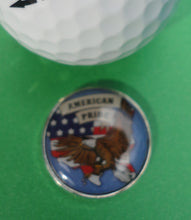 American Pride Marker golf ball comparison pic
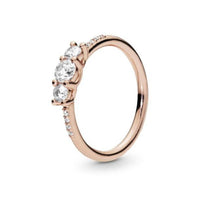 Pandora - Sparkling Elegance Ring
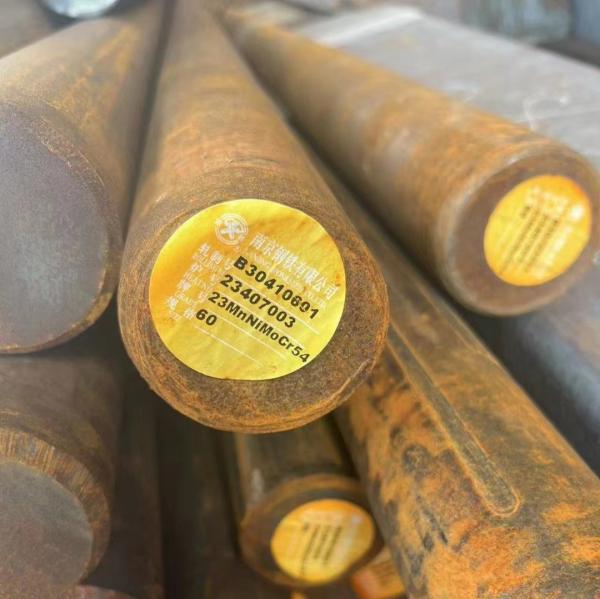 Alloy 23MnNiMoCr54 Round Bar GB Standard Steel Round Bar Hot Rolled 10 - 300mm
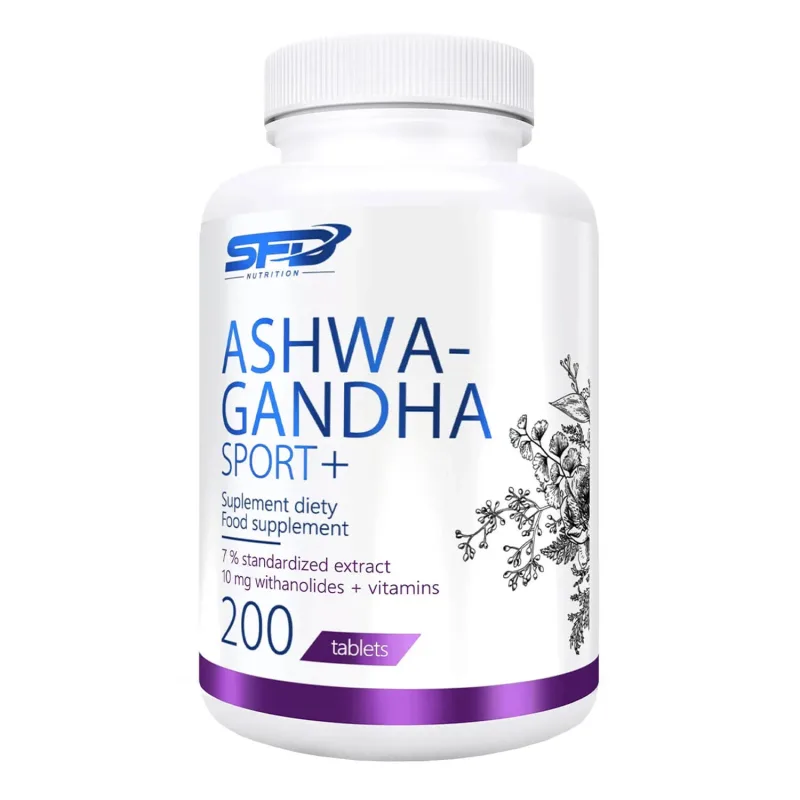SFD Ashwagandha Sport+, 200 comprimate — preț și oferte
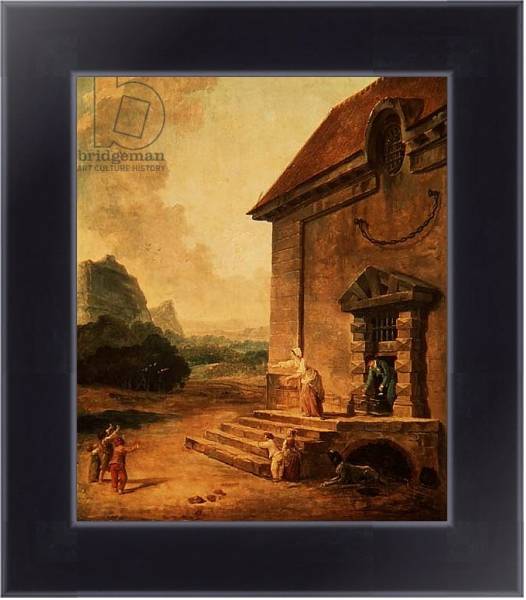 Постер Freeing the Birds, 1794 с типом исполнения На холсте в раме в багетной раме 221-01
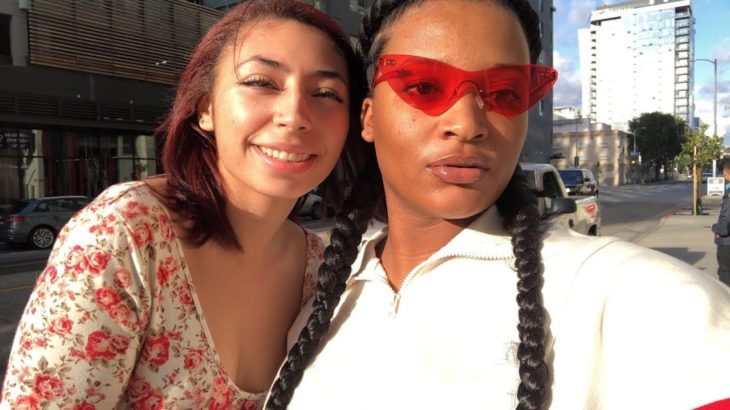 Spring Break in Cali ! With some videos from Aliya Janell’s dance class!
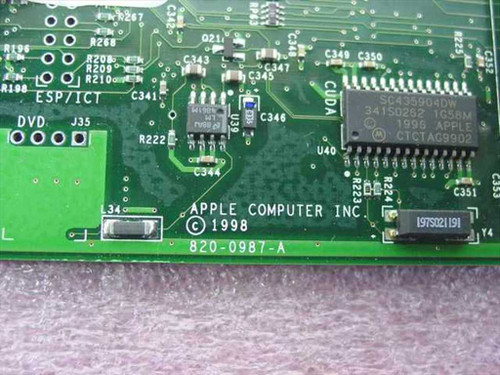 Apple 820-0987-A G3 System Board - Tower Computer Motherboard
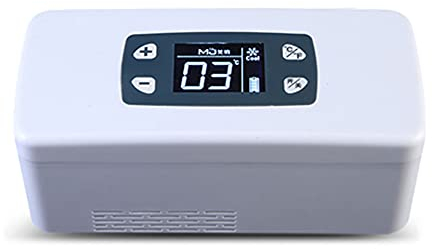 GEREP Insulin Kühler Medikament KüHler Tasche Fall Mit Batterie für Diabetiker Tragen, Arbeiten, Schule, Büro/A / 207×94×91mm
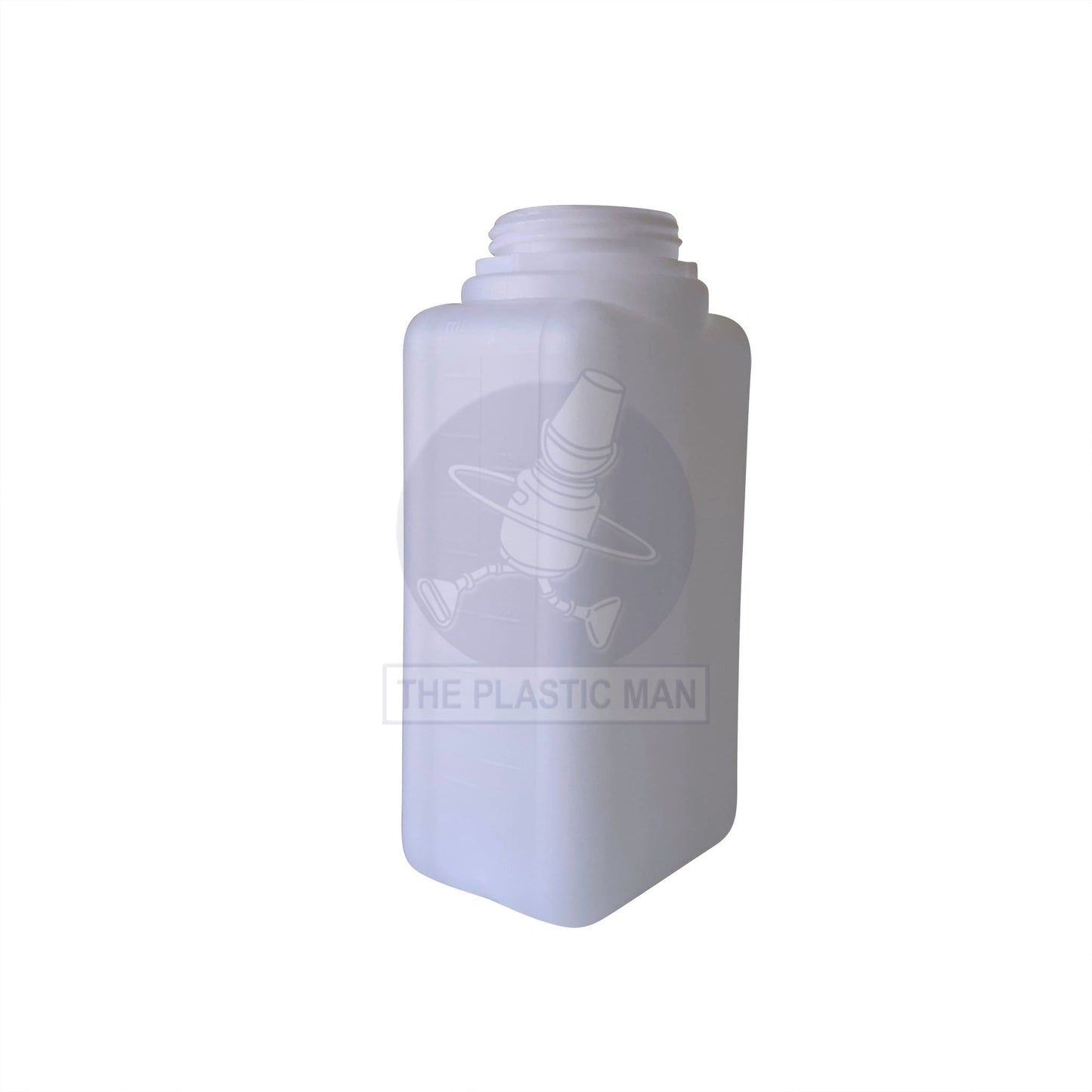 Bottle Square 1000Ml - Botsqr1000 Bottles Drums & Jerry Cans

---

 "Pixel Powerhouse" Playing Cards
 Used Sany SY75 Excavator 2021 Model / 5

---

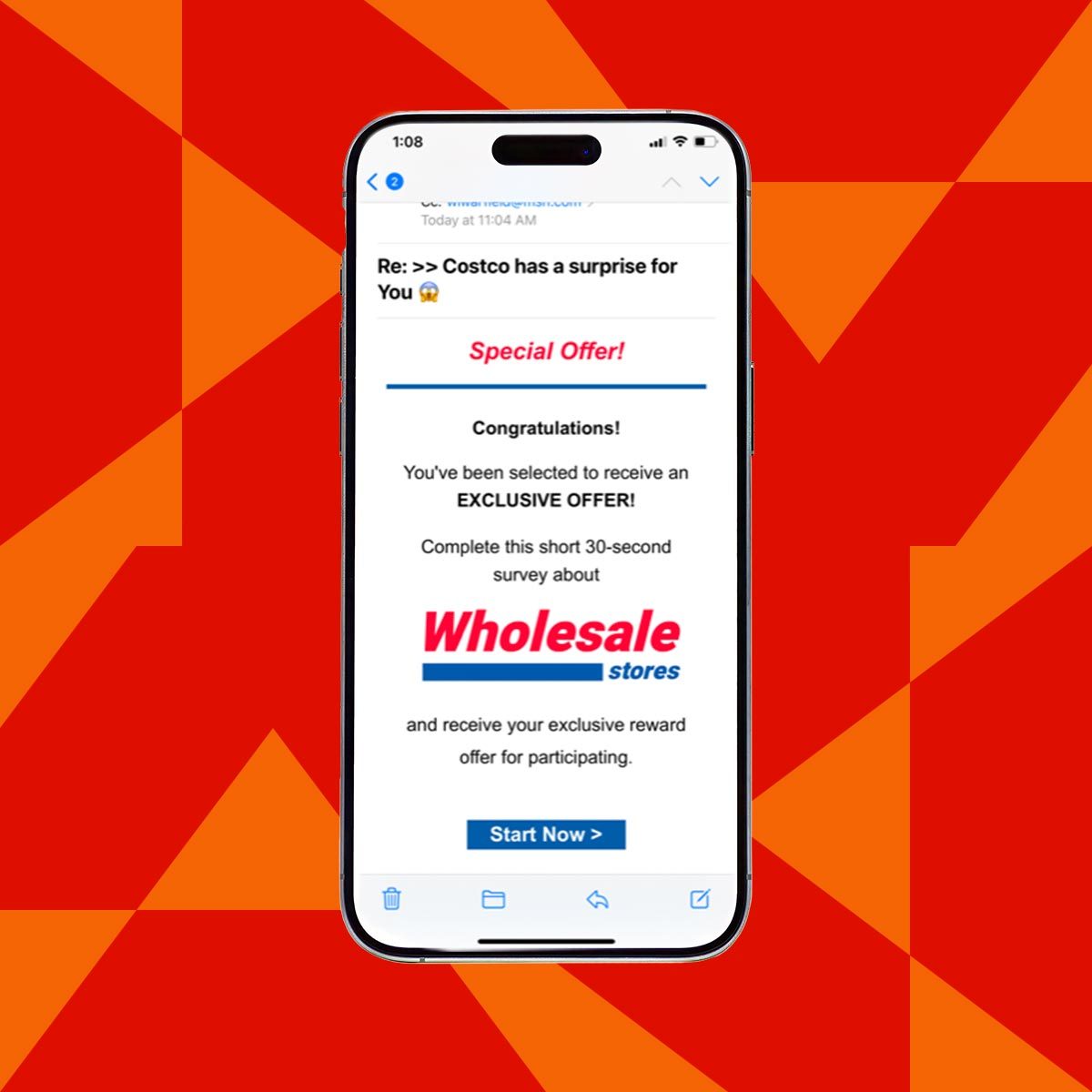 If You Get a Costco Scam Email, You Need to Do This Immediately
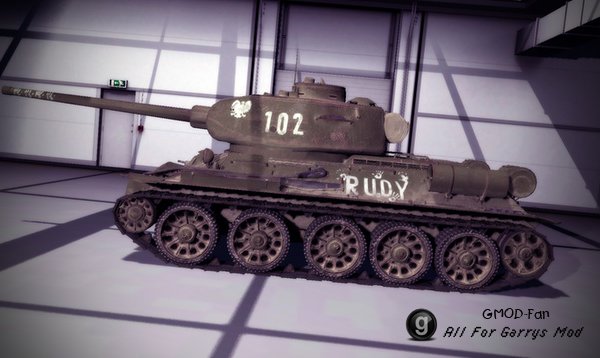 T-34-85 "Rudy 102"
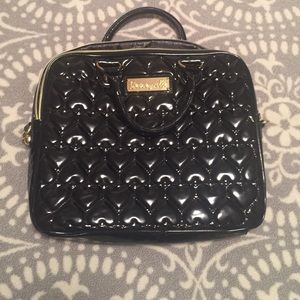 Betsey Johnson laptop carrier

Task prompt. Using the records above, return word for word the lines that begin at the one containing "Apple 820-0987-A G3" and end at the one containing "Bottle Square 1000Ml", both of them included and no pictures.

Exercise solution.
 Apple 820-0987-A G3 System Board - Tower Computer Motherboard
 GEREP Insulin Kühler Medikament KüHler Tasche Fall Mit Batterie für Diabetiker Tragen, Arbeiten, Schule, Büro/A / 207×94×91mm
 Bottle Square 1000Ml - Botsqr1000 Bottles Drums & Jerry Cans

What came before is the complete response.